** Opening Provided information block **

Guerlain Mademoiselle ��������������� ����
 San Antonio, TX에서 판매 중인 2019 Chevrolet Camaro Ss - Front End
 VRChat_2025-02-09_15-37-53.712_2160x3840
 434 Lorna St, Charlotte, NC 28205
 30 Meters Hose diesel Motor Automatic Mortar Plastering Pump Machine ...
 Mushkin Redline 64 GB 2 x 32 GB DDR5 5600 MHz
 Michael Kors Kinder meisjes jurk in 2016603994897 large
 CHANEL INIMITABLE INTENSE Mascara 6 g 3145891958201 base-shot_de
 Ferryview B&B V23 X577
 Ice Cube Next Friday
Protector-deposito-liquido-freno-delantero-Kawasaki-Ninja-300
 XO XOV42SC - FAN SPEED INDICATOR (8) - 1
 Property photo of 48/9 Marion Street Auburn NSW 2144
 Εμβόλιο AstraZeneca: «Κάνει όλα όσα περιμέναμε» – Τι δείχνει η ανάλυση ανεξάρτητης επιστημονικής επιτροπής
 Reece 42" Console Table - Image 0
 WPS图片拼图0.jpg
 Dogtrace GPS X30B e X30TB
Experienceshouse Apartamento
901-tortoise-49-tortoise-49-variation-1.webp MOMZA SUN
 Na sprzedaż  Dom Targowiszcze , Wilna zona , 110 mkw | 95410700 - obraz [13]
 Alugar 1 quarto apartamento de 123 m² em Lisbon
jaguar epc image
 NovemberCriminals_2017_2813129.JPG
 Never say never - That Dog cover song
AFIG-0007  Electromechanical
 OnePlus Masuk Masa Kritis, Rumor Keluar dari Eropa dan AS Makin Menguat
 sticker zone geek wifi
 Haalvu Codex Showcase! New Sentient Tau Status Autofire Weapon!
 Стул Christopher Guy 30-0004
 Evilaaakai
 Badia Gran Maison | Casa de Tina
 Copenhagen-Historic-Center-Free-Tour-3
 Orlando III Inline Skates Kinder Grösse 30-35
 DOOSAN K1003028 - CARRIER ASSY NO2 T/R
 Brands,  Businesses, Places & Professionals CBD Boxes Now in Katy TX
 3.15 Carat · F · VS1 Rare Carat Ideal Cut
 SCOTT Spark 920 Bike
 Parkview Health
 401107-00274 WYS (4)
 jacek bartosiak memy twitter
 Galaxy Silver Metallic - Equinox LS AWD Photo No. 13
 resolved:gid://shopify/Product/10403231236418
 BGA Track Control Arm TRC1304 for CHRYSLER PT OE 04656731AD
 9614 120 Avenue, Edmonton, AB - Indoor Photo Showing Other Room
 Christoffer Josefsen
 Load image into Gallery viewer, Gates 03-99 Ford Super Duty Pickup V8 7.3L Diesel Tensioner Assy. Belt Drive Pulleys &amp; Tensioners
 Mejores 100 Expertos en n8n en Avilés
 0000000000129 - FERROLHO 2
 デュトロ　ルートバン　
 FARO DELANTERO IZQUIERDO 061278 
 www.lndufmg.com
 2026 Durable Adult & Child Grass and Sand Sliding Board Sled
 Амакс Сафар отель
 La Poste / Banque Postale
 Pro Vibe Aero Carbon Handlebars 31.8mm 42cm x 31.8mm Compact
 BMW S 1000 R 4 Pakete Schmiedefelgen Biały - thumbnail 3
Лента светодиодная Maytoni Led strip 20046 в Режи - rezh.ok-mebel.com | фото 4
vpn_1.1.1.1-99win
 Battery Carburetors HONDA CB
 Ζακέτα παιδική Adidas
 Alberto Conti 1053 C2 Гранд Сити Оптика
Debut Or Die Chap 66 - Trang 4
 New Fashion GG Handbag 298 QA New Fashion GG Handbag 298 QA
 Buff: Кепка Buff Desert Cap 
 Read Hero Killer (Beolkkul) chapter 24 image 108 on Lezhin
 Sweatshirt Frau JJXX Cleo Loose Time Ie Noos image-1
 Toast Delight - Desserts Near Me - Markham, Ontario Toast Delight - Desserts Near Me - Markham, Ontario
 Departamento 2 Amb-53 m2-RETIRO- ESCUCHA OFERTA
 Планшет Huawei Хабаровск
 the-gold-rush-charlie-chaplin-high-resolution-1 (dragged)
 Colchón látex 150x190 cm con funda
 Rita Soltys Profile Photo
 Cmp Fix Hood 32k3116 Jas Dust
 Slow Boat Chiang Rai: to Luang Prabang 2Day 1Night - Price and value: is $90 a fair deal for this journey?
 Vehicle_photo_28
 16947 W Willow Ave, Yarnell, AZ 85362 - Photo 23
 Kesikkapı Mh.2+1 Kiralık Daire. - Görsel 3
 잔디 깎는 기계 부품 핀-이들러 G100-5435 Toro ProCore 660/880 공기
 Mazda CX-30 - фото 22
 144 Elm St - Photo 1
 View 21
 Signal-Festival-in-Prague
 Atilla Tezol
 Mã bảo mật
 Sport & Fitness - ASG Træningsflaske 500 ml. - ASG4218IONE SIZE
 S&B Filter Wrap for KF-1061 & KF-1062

** Closing Provided information block **

Take the entries above and return only the lines from the one with "Parkview Health" to the one with "Toast Delight - Desserts Near Me - Markham, Ontario Toast", both included, unchanged.

 Parkview Health
 401107-00274 WYS (4)
 jacek bartosiak memy twitter
 Galaxy Silver Metallic - Equinox LS AWD Photo No. 13
 resolved:gid://shopify/Product/10403231236418
 BGA Track Control Arm TRC1304 for CHRYSLER PT OE 04656731AD
 9614 120 Avenue, Edmonton, AB - Indoor Photo Showing Other Room
 Christoffer Josefsen
 Load image into Gallery viewer, Gates 03-99 Ford Super Duty Pickup V8 7.3L Diesel Tensioner Assy. Belt Drive Pulleys &amp; Tensioners
 Mejores 100 Expertos en n8n en Avilés
 0000000000129 - FERROLHO 2
 デュトロ　ルートバン　
 FARO DELANTERO IZQUIERDO 061278 
 www.lndufmg.com
 2026 Durable Adult & Child Grass and Sand Sliding Board Sled
 Амакс Сафар отель
 La Poste / Banque Postale
 Pro Vibe Aero Carbon Handlebars 31.8mm 42cm x 31.8mm Compact
 BMW S 1000 R 4 Pakete Schmiedefelgen Biały - thumbnail 3
Лента светодиодная Maytoni Led strip 20046 в Режи - rezh.ok-mebel.com | фото 4
vpn_1.1.1.1-99win
 Battery Carburetors HONDA CB
 Ζακέτα παιδική Adidas
 Alberto Conti 1053 C2 Гранд Сити Оптика
Debut Or Die Chap 66 - Trang 4
 New Fashion GG Handbag 298 QA New Fashion GG Handbag 298 QA
 Buff: Кепка Buff Desert Cap 
 Read Hero Killer (Beolkkul) chapter 24 image 108 on Lezhin
 Sweatshirt Frau JJXX Cleo Loose Time Ie Noos image-1
 Toast Delight - Desserts Near Me - Markham, Ontario Toast Delight - Desserts Near Me - Markham, Ontario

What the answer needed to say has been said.